▶ Data section
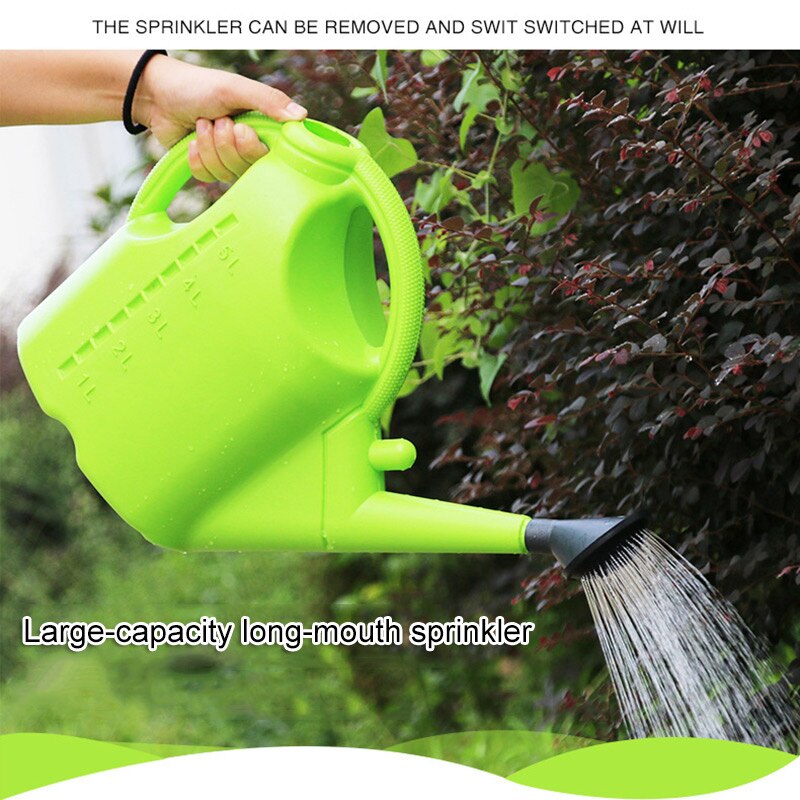 5L Detachable Watering Can Large Capacity Watering Can for Indoor Outdoor Garden Regadera de gran capacidad BDF99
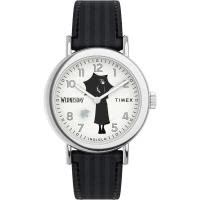 Timex/天美时极简商务石英表百搭防水夜光中性手表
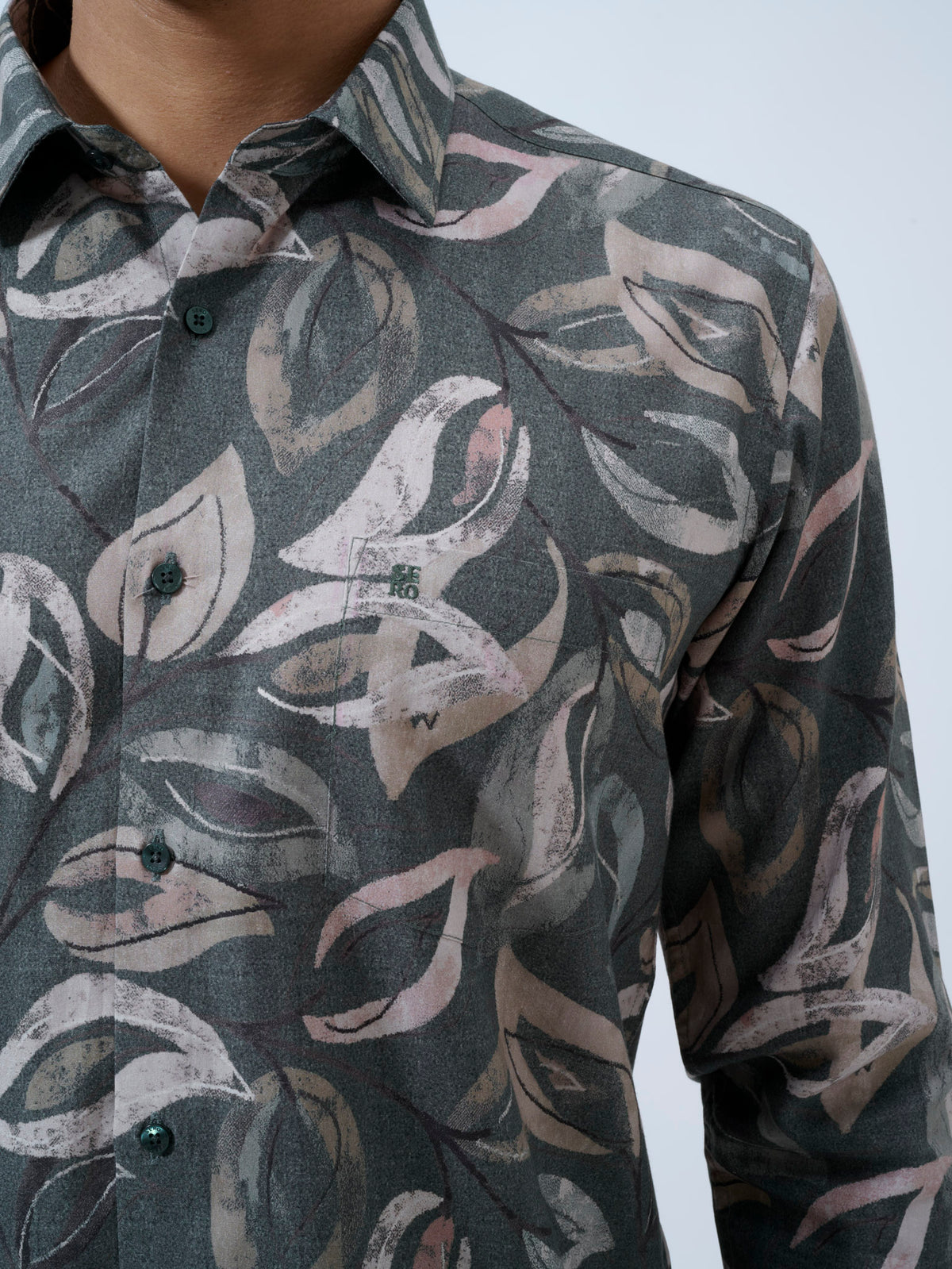 Castlerock Leaf Print Shirt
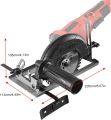 4 and 5 Inch Angle Grinder Attachment for Saw , Angle Grinder Stand 45 Degree Adjustable Precise Cutting Stand for Angle Grinder Accessories  , Grinder To Circular Saw Conversion.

▶ Instructions for the task
Return the lines of the data above in full and exactly, with no pictures.

▶ Reply to the exercise
 5L Detachable Watering Can Large Capacity Watering Can for Indoor Outdoor Garden Regadera de gran capacidad BDF99
 Timex/天美时极简商务石英表百搭防水夜光中性手表
 Castlerock Leaf Print Shirt
 4 and 5 Inch Angle Grinder Attachment for Saw , Angle Grinder Stand 45 Degree Adjustable Precise Cutting Stand for Angle Grinder Accessories  , Grinder To Circular Saw Conversion.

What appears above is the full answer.